The new document, filed Friday by Heard's legal team, offered new details on the alleged incident. A 77-year-old was randomly selected for jury duty, the document said — but instead, a 52-year-old with the same last name who apparently lives at the same address came to the court and served as a juror throughout the trial. Their names were redacted in the document.

The document did not provide any reason for why this allegedly occurred or say how the situation was uncovered.

The lawyers said Fairfax County has multiple measures in place — including requiring jurors to submit their zip code and birth date — to ensure the person summoned for jury duty is the person who actually appears. But somehow, according to the document, those measures didn't catch that the wrong person was present at the trial. 

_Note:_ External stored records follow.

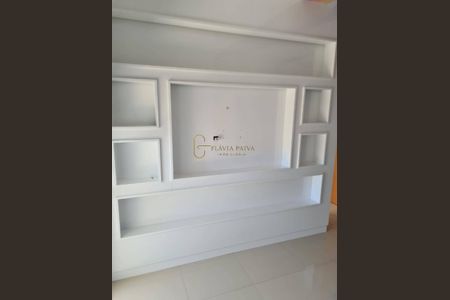 2_photo/94b9b8d9af.3714cccd63f8fe2d-ATLAS-b8cd0cab-8aeb-49d2-9d7b-167a458a59e1.jpg de apartamento à venda com 4 quartos, 293m² em Subsetor Sul - 7 (S-7), Ribeirão Preto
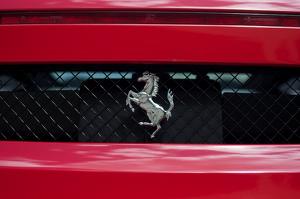 Ferrari-069
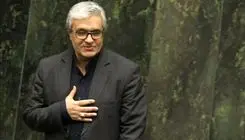 رد و بدل پیام ادامه دارد و پرهیزی از مذاکره نداریم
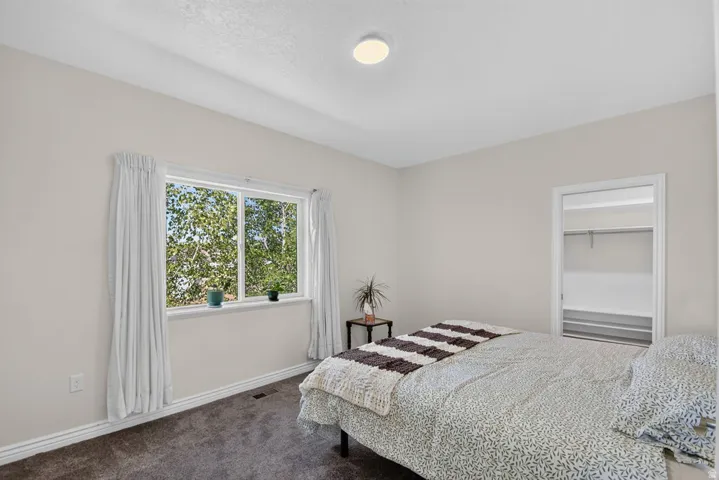 450 E 200 S, Fairview, Utah 84629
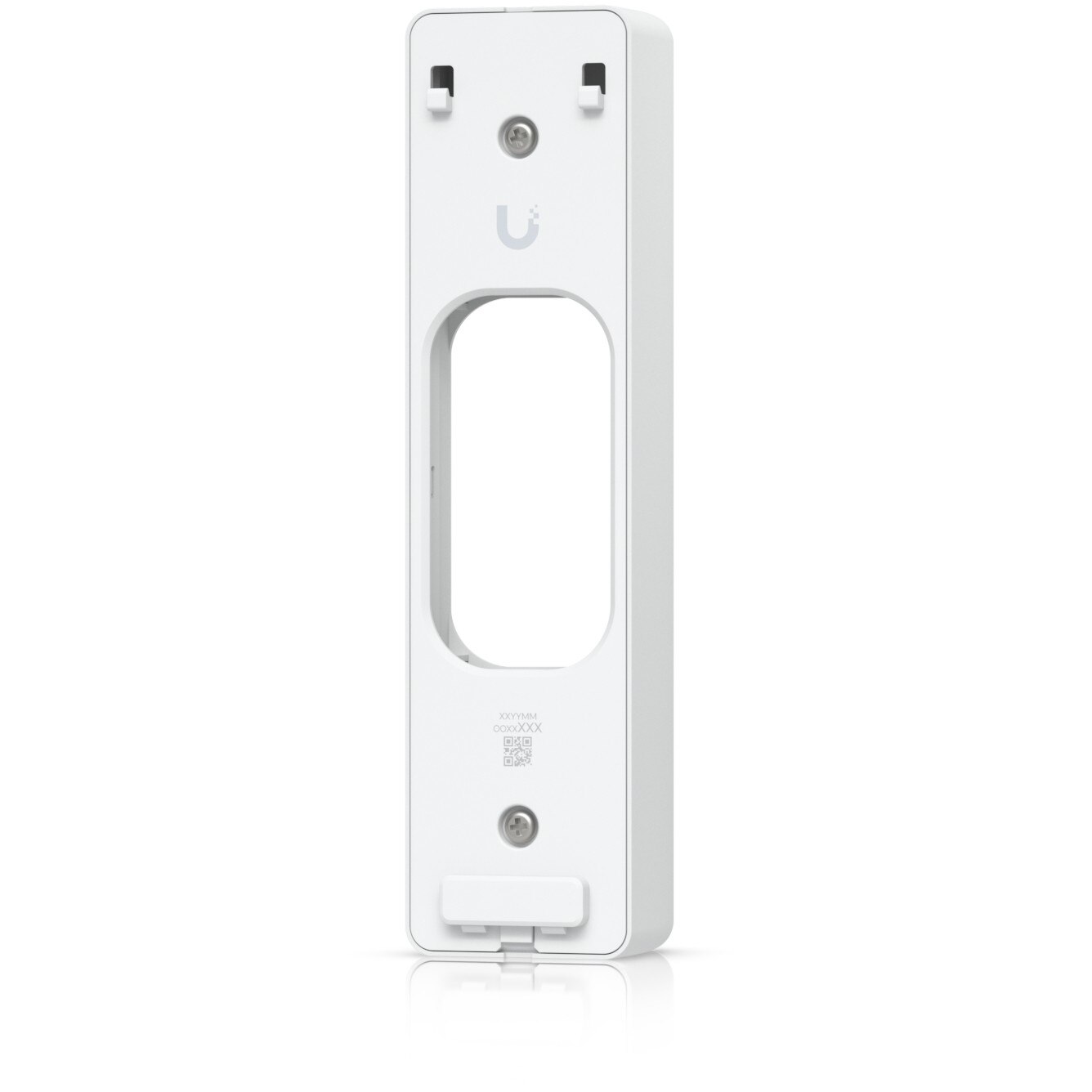 Ubiquiti Ubiquiti Reader Pro Angle Mount whit white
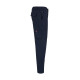 Pantalon Arrow 4-xtreme multibolsillos 103030X-61 azul navy VELILLA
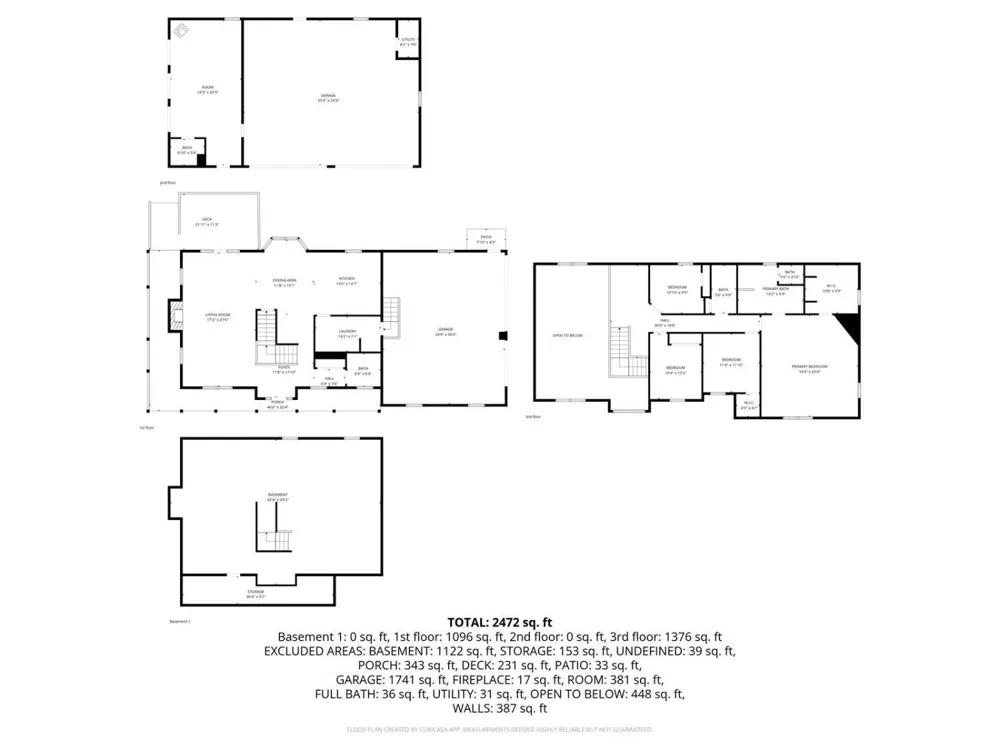 10404 Lees Creek Road Harrison, OH 45030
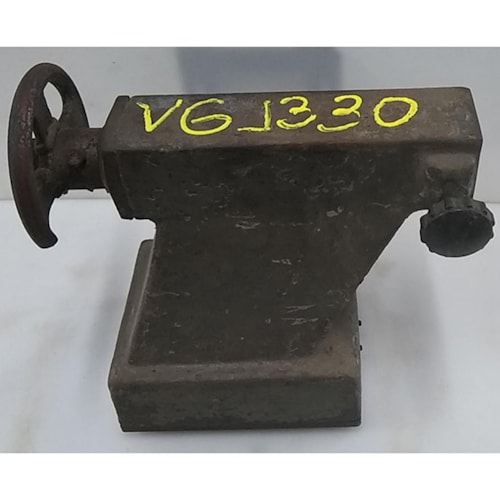 Produto imagem - 2089c374-b5a3-4854-a122-fe3150e01cf9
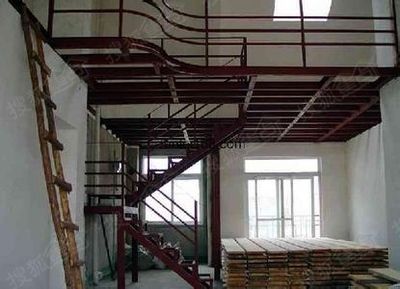 北京鋼梁加固公司電話多少號(hào)（北京鋼梁加固公司及其聯(lián)系方式因具體公司而異推薦） 鋼結(jié)構(gòu)門(mén)式鋼架施工 第4張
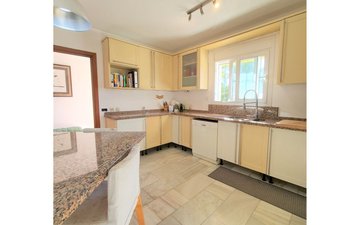 Eigenschaftsfolie 18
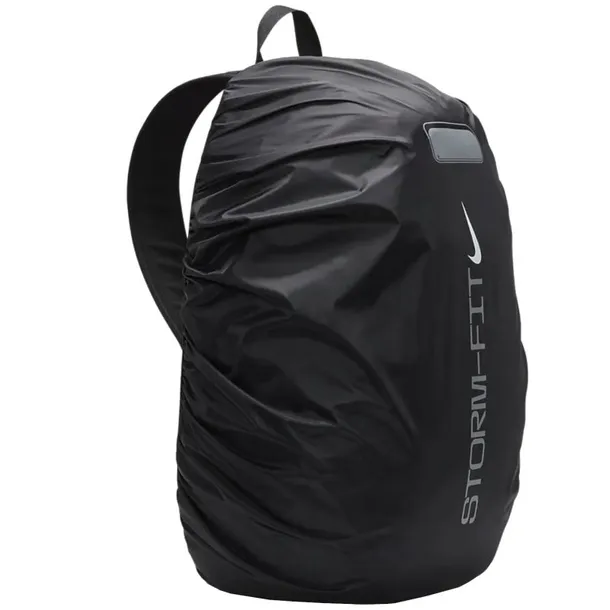 plecak-nike-academy-team-backpack-dv0761-011-bohater-inny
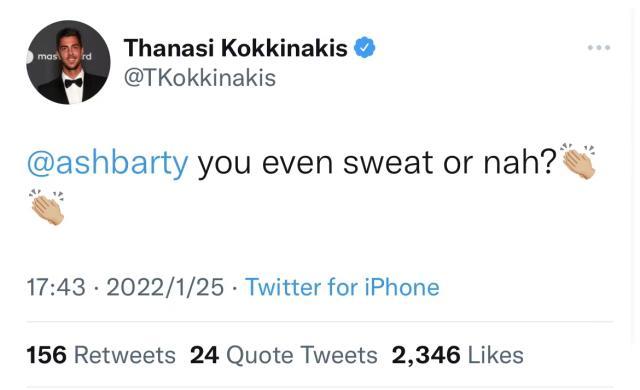 1643110430869082278.jpg 微信图片_20220125193435.jpg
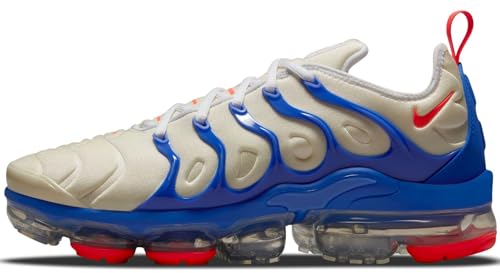 Image of Nike Men's Air Vapormax Plus Running Shoes
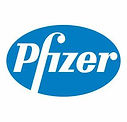 Pfiizer Logo.jpeg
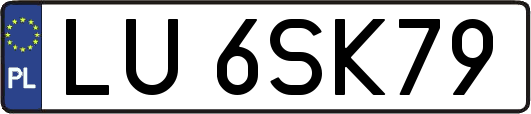LU6SK79
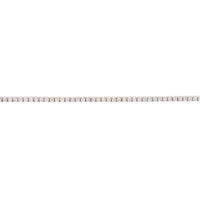 Diamond 2.15ct 18ct White Gold Tennis Bracelet - Michael Jones Jeweller
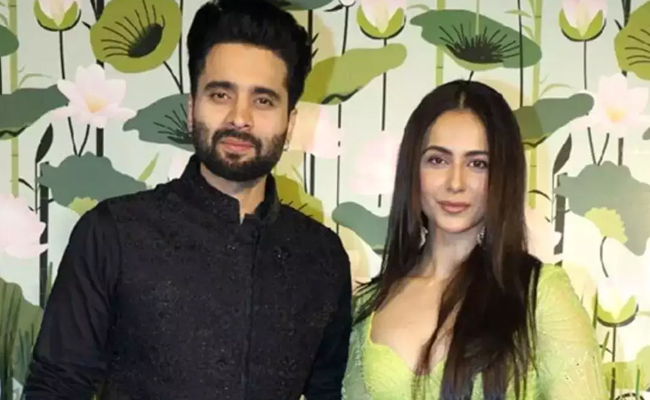 Rakul_20PreetJackky_20Bhagnani.jpg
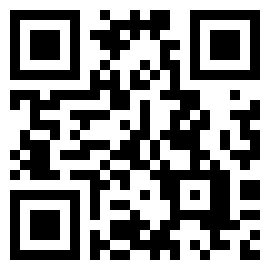 API interface error please contact the administrator!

"Those safeguards are in place and relied upon by the parties to verify the identity of the correct juror, to ensure due process and a fair trial for all litigants," the document said. "When these safeguards are circumvented or not followed, as appears to be the case here, the right to a jury trial and due process are undermined and compromised." 

A spokesperson for the Fairfax County Department of Public Affairs said Judge Penney Azcarate, who presided over the trial, will not comment on the allegation.   

Actor Amber Heard waits before the jury said that they believe she defamed ex-husband Johnny Depp while announcing split verdicts in favor of both her ex-husband Johnny Depp and Heard on their claim and counter-claim in the Depp v. Heard civil defamation trial at the Fairfax County Circuit Courthouse in Fairfax, Virginia, U.S., June 1, 2022. Evelyn Hockstein / REUTERS

Heard's lawyers also said last week that Azcarate should throw out the verdict because the amount awarded to Depp — $10 million in compensatory damages and $5 million in punitive damages — was "excessive" and "indefensible," the AP reported. 

The weeks-long trial ended in early June with the jury finding that Heard defamed Depp in a 2018 Washington Post op-ed, and Depp was liable for his attorney calling her claims a hoax in a statement to the Daily Mail. Depp was awarded $15 million — though he could only collect $10.35 million due to state limits on punitive damages — and Heard was awarded $2 million.